== Segment start ==

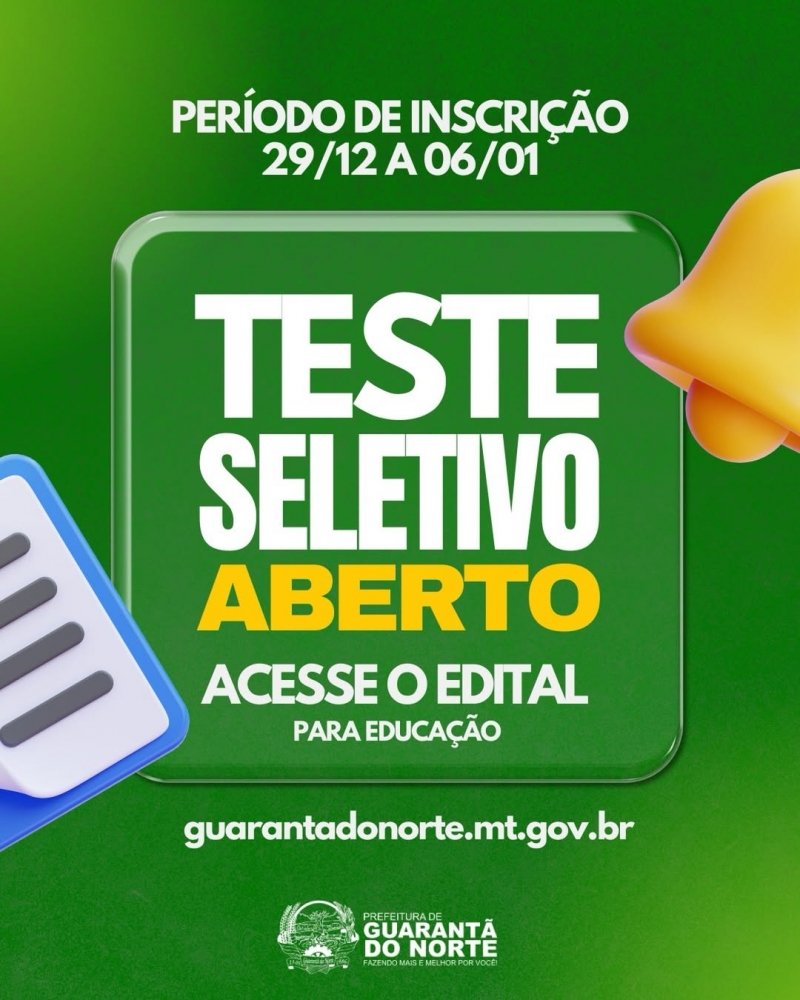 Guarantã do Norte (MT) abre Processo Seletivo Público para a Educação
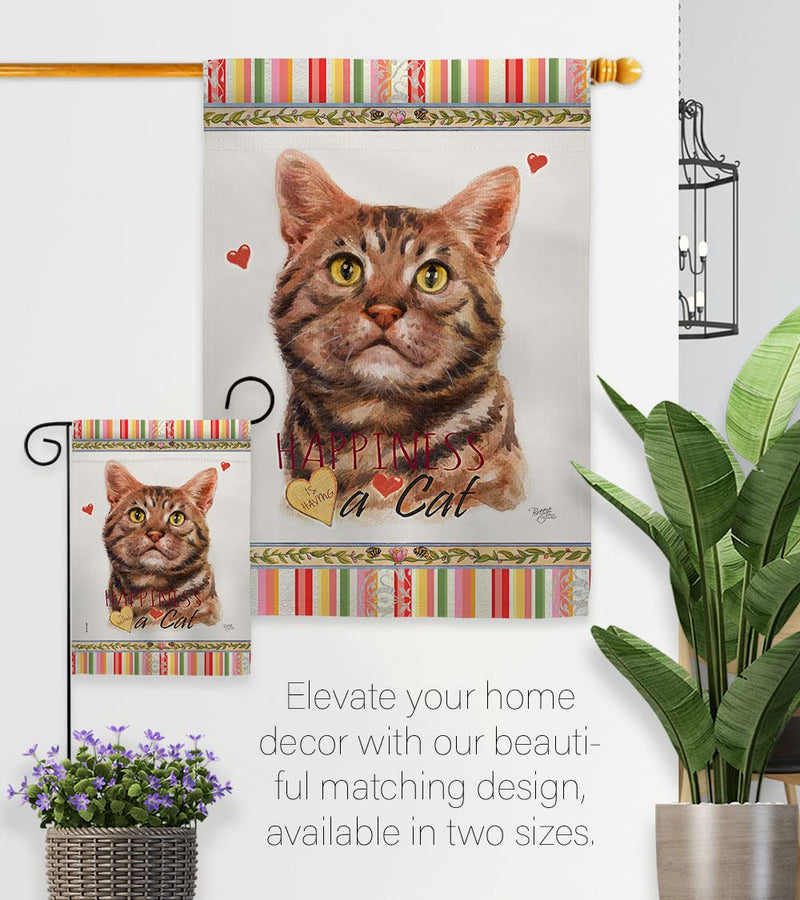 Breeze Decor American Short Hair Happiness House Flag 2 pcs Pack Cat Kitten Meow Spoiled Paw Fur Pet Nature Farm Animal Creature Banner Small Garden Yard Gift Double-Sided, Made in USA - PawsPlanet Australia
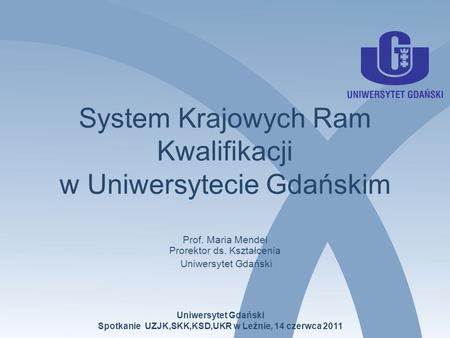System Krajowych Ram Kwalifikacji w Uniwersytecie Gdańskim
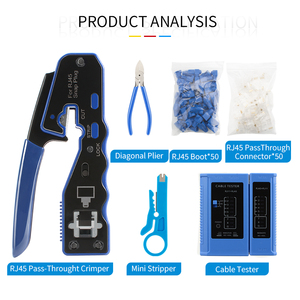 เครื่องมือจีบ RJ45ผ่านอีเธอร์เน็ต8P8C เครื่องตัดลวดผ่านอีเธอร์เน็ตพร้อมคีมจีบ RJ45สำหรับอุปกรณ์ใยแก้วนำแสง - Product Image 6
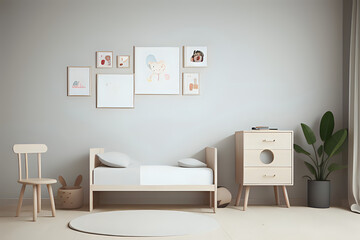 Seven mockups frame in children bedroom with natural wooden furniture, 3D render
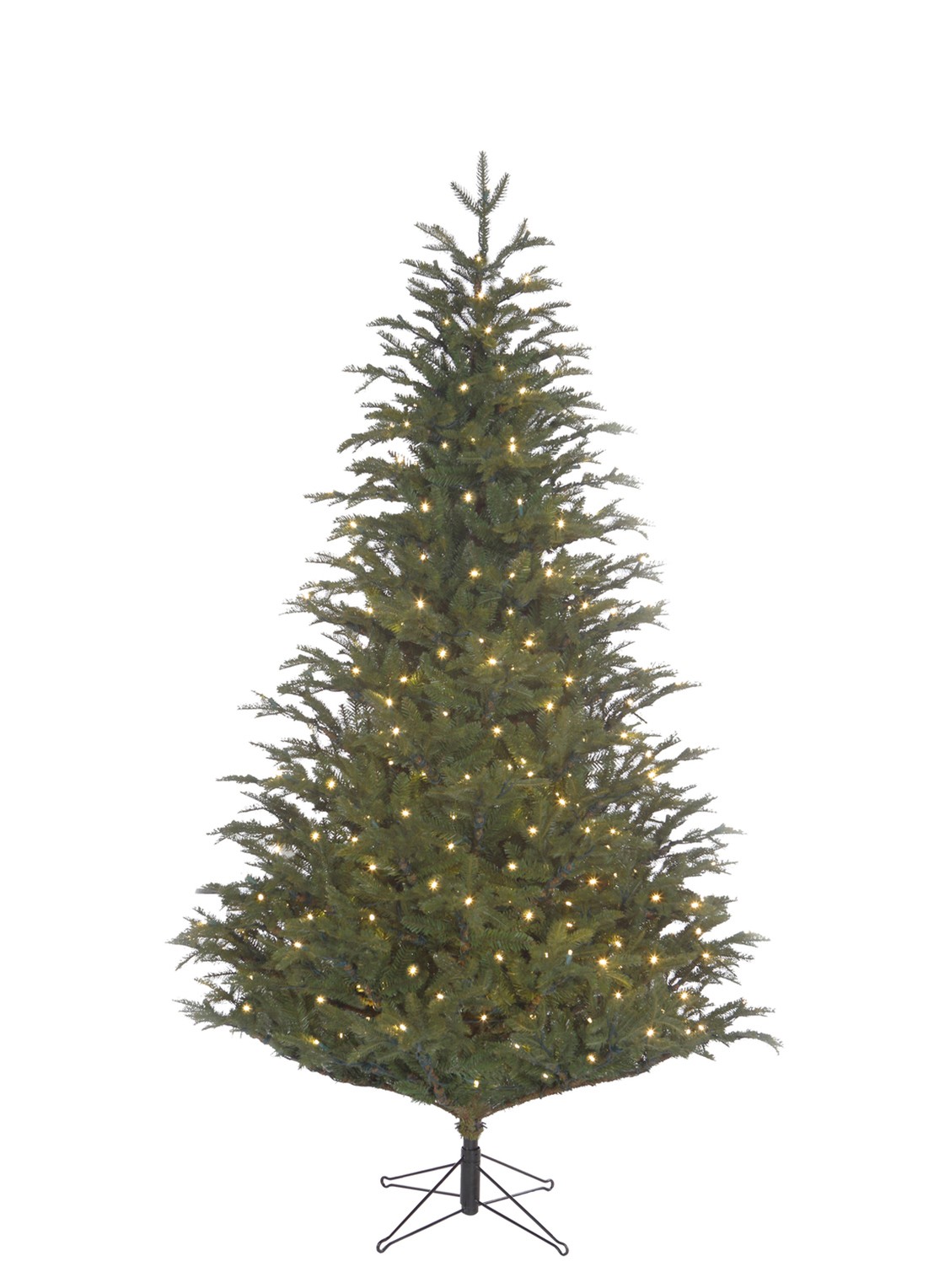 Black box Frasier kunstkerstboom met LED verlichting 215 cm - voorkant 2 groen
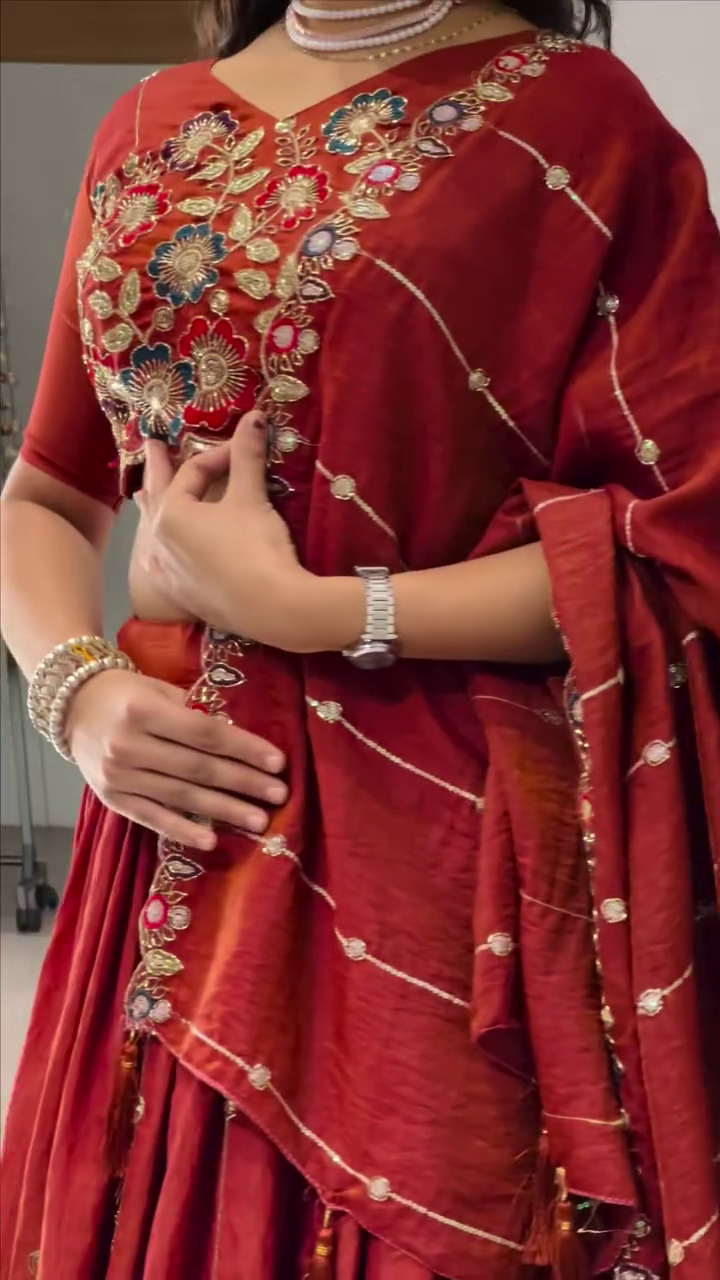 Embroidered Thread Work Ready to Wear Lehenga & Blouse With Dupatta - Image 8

== Segment end ==
== Segment start ==

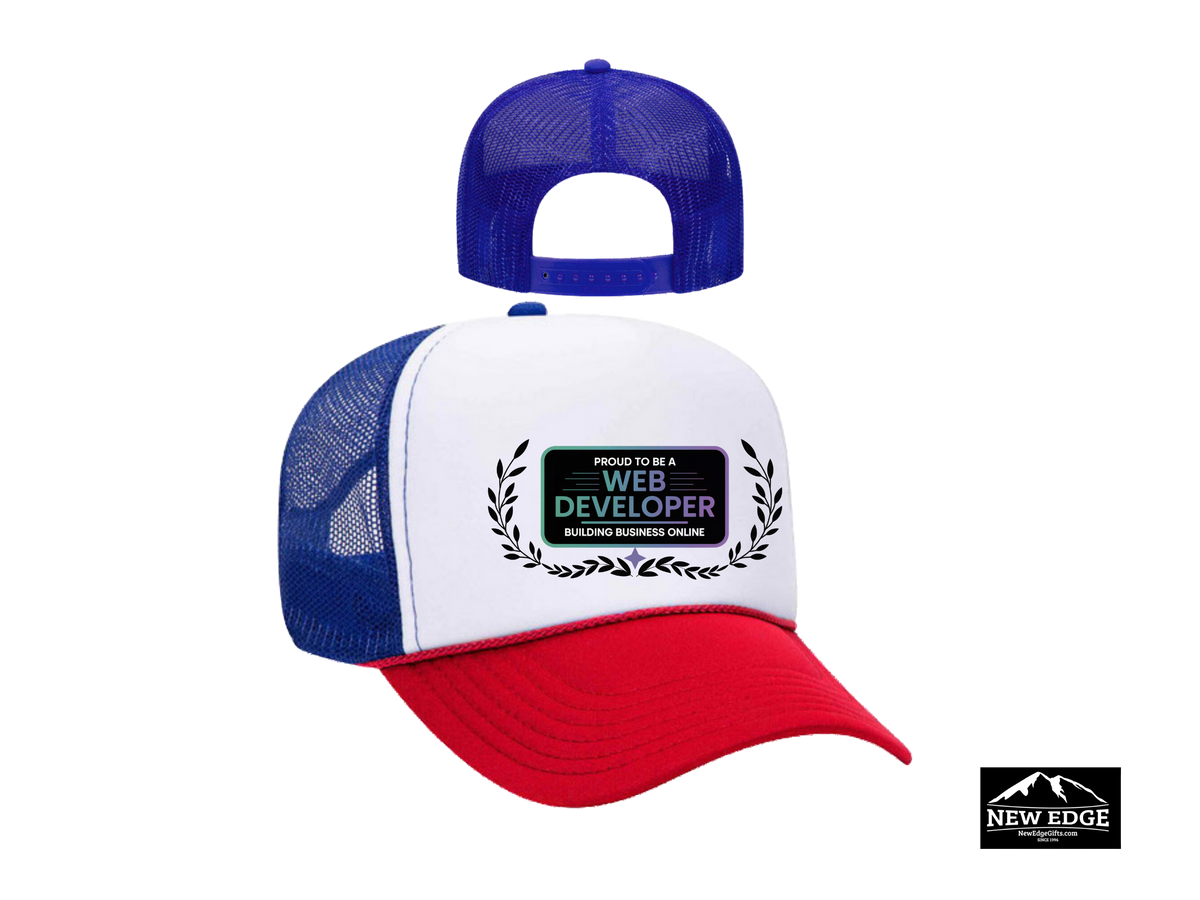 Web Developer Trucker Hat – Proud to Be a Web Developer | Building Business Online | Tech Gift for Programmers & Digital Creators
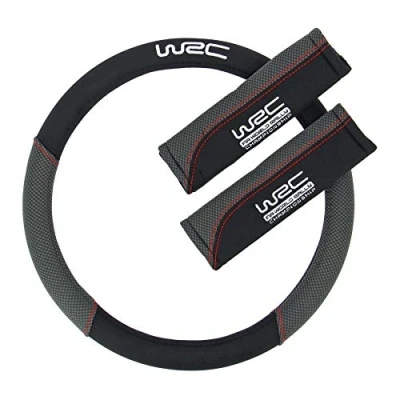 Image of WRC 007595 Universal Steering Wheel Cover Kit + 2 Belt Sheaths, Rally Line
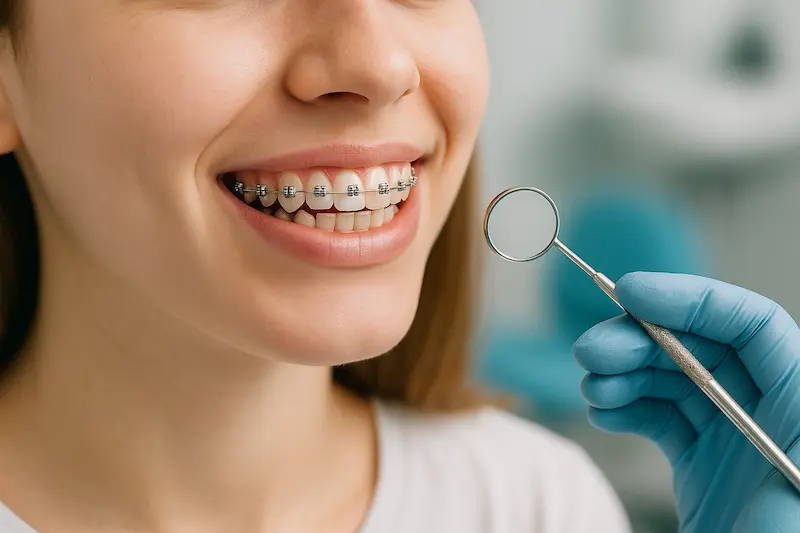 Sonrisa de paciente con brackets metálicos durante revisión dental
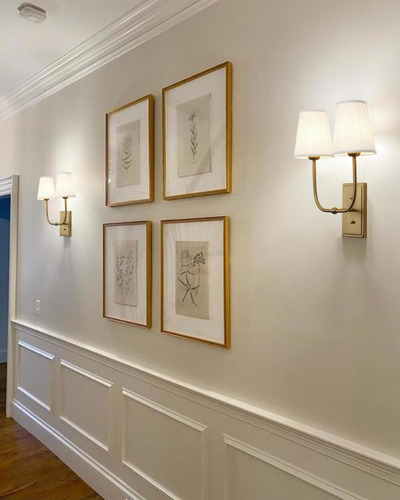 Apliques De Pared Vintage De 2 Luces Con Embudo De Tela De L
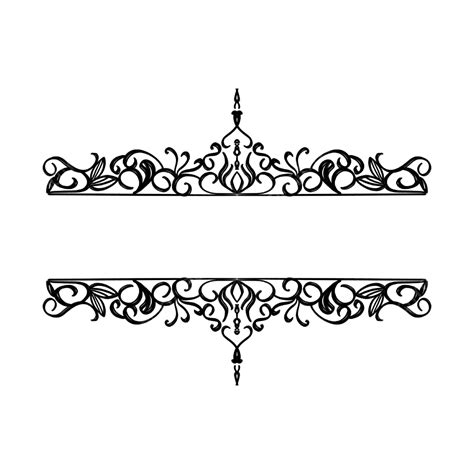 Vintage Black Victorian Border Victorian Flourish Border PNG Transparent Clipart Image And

== Segment end ==

*Activity*: Skipping the pictures, print the lines in the listing above exactly as written, starting at the line with "Image of WRC" and ending at the line with "Vintage Black Victorian", both included.

*Output below*:
 Image of WRC 007595 Universal Steering Wheel Cover Kit + 2 Belt Sheaths, Rally Line
 Sonrisa de paciente con brackets metálicos durante revisión dental
 Apliques De Pared Vintage De 2 Luces Con Embudo De Tela De L
 Vintage Black Victorian Border Victorian Flourish Border PNG Transparent Clipart Image And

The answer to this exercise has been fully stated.